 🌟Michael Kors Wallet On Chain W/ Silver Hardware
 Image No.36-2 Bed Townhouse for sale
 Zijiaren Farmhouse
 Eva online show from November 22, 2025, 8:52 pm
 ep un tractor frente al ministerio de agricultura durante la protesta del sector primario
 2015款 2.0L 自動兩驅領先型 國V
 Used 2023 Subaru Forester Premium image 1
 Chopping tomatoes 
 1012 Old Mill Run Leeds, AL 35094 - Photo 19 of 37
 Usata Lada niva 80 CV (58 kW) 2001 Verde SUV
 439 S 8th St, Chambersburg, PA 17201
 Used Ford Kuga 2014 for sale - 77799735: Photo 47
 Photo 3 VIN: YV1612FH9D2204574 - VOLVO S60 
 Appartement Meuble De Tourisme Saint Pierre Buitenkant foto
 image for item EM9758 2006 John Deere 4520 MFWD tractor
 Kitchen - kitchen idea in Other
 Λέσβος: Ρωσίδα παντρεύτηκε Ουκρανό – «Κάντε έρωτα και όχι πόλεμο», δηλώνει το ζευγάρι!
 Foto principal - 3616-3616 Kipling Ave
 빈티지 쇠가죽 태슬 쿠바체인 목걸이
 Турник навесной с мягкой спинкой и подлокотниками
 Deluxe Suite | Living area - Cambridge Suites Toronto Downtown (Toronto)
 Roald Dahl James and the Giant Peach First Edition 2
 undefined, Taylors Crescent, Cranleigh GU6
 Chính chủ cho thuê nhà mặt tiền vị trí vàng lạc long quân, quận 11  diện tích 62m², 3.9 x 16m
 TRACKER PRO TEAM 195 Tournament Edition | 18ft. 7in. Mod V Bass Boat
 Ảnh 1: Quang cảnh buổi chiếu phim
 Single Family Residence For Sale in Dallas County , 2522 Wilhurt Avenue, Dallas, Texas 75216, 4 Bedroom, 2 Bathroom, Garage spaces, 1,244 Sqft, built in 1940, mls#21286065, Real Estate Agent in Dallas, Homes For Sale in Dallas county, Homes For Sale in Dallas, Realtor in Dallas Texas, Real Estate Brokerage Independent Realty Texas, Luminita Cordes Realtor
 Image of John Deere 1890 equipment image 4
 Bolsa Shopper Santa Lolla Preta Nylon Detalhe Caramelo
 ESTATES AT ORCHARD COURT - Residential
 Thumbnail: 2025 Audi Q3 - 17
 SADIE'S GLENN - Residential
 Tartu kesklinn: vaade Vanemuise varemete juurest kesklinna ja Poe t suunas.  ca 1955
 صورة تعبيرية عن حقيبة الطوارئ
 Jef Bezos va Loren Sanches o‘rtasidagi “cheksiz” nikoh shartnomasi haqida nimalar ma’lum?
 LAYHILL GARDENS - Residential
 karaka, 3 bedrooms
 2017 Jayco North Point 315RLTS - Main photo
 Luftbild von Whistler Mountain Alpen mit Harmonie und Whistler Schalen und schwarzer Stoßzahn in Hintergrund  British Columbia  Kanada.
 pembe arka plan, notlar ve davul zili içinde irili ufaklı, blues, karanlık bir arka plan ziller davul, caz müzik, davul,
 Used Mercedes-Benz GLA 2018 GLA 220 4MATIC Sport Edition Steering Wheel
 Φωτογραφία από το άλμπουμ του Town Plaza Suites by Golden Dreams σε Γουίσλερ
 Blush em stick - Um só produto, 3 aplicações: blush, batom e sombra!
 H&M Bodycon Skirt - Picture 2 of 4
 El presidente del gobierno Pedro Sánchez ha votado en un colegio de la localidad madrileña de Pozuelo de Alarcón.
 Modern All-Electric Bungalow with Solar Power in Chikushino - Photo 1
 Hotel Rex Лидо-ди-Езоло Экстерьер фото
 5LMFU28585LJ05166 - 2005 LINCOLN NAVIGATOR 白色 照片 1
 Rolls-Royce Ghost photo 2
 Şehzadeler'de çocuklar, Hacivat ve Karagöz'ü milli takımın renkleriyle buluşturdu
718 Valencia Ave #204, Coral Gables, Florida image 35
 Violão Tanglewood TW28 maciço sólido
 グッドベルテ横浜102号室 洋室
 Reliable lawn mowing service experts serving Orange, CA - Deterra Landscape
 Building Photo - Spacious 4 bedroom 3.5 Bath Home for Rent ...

---+---

In the listing above, find the line with "H&M Bodycon Skirt - Picture 2 of 4" and the line with "Reliable lawn mowing", then print exactly those two lines and every line between them, and nothing more.

 H&M Bodycon Skirt - Picture 2 of 4
 El presidente del gobierno Pedro Sánchez ha votado en un colegio de la localidad madrileña de Pozuelo de Alarcón.
 Modern All-Electric Bungalow with Solar Power in Chikushino - Photo 1
 Hotel Rex Лидо-ди-Езоло Экстерьер фото
 5LMFU28585LJ05166 - 2005 LINCOLN NAVIGATOR 白色 照片 1
 Rolls-Royce Ghost photo 2
 Şehzadeler'de çocuklar, Hacivat ve Karagöz'ü milli takımın renkleriyle buluşturdu
718 Valencia Ave #204, Coral Gables, Florida image 35
 Violão Tanglewood TW28 maciço sólido
 グッドベルテ横浜102号室 洋室
 Reliable lawn mowing service experts serving Orange, CA - Deterra Landscape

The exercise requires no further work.